3.1.2 A busca pelo equilíbrio vital

Alga Marinha

Eu tenho 45 anos, casada, professora de Língua Portuguesa na rede pública estadual e municipal de Natal /RN. O relato abaixo tem como objetivo apresentar meu processo de formação profissional e experiências vividas ao longo dos anos que marcaram e contribuíram para a profissão que hoje exerço.

Minha formação profissional (formal) começou nos anos de 1979 a 1981, quando iniciei o curso secundário de Habilitação de Magistério para 1º Grau (com habilitação para ser professora de Ensino de 1º Grau de 1ª a 4ª série), conferido pelo Colégio Nossa Senhora do Carmo, em Parintins – Amazonas. Era uma escola católica, dirigida por irmãs da congregação Filhas da Caridade, com professores da rede estadual de ensino. Depois, em 1982 fiz um acréscimo com a Habilitação para o Magistério, para ensinar alunos da 5ª e 6ª séries do 1º Grau na área de Letras (Língua Portuguesa, Inglesa e Educação Artística), conferido pelo Colégio Batista de Parintins (AM), uma escola particular, dirigida pela Igreja Batista da cidade.

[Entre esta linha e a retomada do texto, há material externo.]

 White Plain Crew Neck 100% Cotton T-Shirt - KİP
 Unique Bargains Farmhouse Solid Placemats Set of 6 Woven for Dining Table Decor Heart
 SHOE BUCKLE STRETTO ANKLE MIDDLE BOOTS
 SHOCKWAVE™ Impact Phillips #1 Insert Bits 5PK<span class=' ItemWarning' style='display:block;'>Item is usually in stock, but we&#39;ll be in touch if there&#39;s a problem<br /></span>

É importante salientar por que fiz habilitação para o magistério. Primeiramente porque na época não havia nenhuma universidade na cidade, apenas dois cursos de Ensino de Segundo Graus. No Colégio do Carmo se optaria por Magistério ou por Contabilidade. Na Escola Batista também só havia o Magistério. Somente alguns anos mais tarde é que chegou o Científico. Se quisesse fazer um curso diferente, teria que viajar para Manaus ou Belém, que eram as capitais mais próximas. Ou tentar uma vaga na Escola Técnica Federal de Manaus.

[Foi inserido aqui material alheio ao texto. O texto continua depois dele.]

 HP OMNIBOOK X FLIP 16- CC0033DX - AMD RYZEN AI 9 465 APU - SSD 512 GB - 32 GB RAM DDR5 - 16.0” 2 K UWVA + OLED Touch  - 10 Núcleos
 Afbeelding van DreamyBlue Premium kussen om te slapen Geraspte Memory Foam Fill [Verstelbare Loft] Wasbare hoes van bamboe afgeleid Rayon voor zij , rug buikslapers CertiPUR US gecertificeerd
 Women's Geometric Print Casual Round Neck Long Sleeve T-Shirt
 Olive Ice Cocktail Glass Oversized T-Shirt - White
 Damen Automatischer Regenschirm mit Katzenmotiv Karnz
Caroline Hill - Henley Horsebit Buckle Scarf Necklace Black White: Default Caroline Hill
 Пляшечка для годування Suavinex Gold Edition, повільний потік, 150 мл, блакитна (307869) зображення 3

Em segundo lugar, meu pai era empregado de fazenda de gado, com pequenos recursos para me manter na capital. Além do mais, eu tinha uma relação difícil com os cálculos. Porém, observando a habilidade de liderança que tinha nos estudos de primeiro grau, pois sempre era líder de classe, assumia aulas quando o professor pedia para tomar conta da classe, etc., não vi outro caminho, senão ingressar no Magistério.

Por outro lado, minha cidade pobre do jeito que era, sem fábricas, sem indústrias, sem produção, sem perspectiva para o futuro. Aliás, o aluno tinha os seguintes caminhos: estudar para ser técnico em contabilidade do comércio da cidade, fazer magistério e tentar uma vaga nos concursos públicos, ser comerciário, ou se ligar à igreja e trabalhar em algum órgão dela, casar e ser dona de casa, morar no interior e passar a ser agricultor ou tomar conta dos terrenos dos ricos, ou se quisesse fazer uma faculdade, viajar para Manaus, morar na casa do estudante ou casa de parentes, enfrentar as adversidades de uma cidade de pedra e continuar o estudos.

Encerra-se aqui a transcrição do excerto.